“Prayer is not for getting what we want, but rather for
bending our wants toward what God wants.” (Stanley Hauerwas)
Wanting is one of the
strongest drives in our nature. The Lord's Prayer recognises this. Our wants can be as daily as bread, as needful
as forgiveness, as desperate as a cry for deliverance from whatever might hurt
and harm us. We want the material things we need to live; we want to have
satisfying relationships with other people; we want to be kept safe and to live
as well as we can. And at times we live as if achieving all that was entirely
up to us.
But each of these wants is part of basic prayer. We pray to
God for what we need to live our lives – bread to nourish our bodies, the
security of home, enough money to provide what’s needed, a job to give us a
place and a purpose. We pray to God about marriage, friendships, family
relationships, people we work with, neighbours. Time and again these
relationships need to be salvaged, renewed, cleansed, recycled.
That same prayer deals with needs as well as wants: forgive us when
we get it wrong, as we forgive those who get it wrong with us. In life there are alos givens, those circumstances that come to us, or at us. So we pray to God
about those experiences that test our integrity and our faith, that face us
with hard choices, when it’s easier to do wrong than pay the price for doing
right.
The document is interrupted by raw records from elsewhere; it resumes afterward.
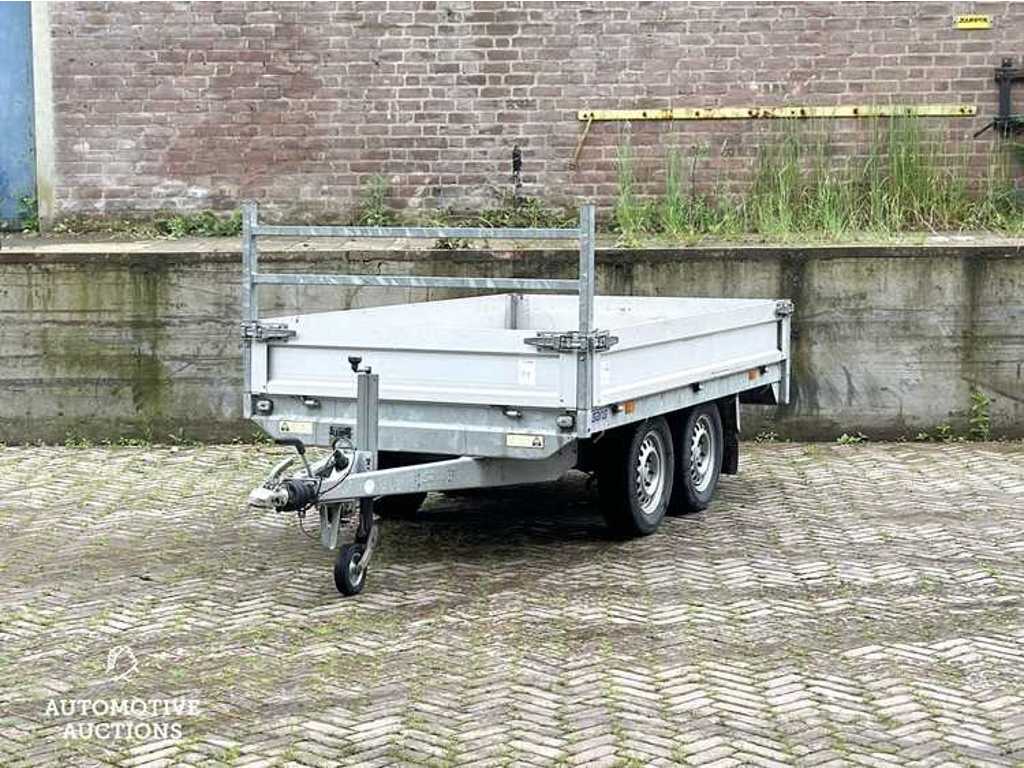 Trailers from Kentech's bankruptcy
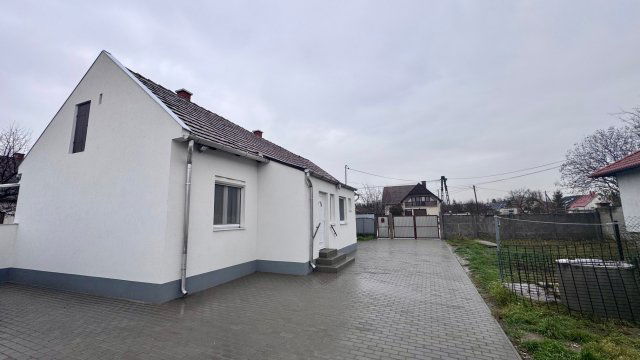 Kiadó családi ház, albérlet, Székesfehérvárott, Gödör utcában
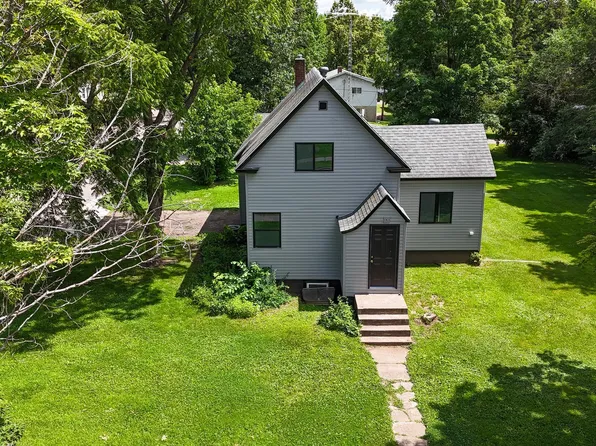 422 Park Ave, Sandstone, MN 55072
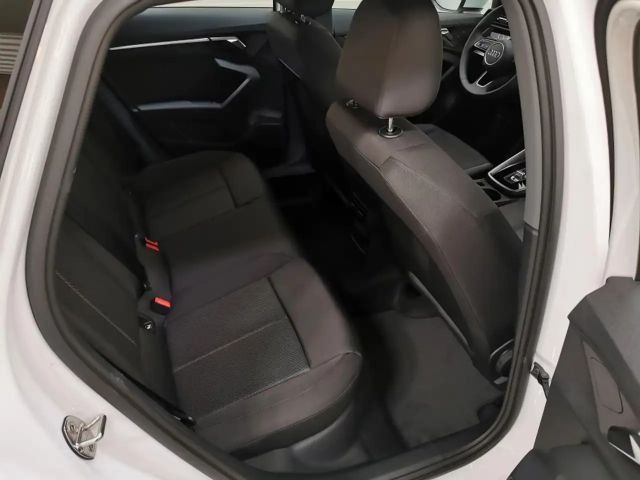 Audi A3 30 TFSI Sedan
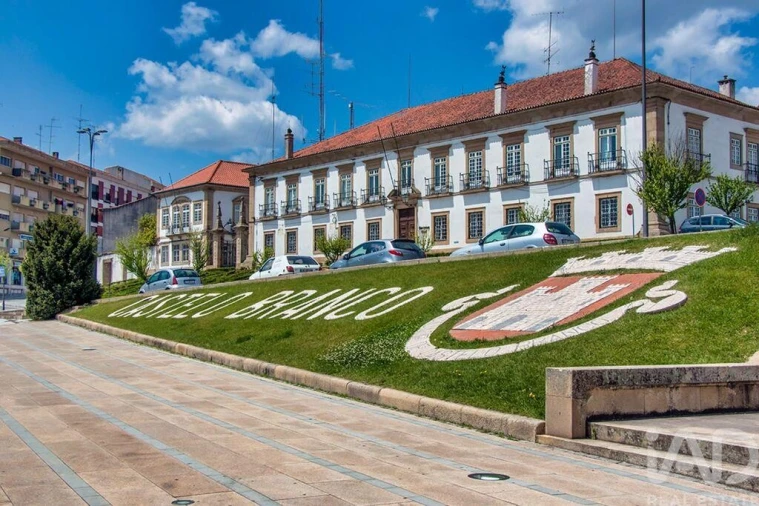 Moradia T7 para Venda em Castelo Branco Foto 28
So we bring our wants to God; often we want, mostly we need, those things we can’t live without,
or at least can't live well without – bread, forgiveness, strength to survive the traps and tests and temptations of life that often feels way too complex, demanding and confusing.
The Lord's Prayer is a remarkably clarifying agenda to start, and end, each day.
The photo looks towards Stirling from Gartmore – the sense of space and distance help put this small person in perspective!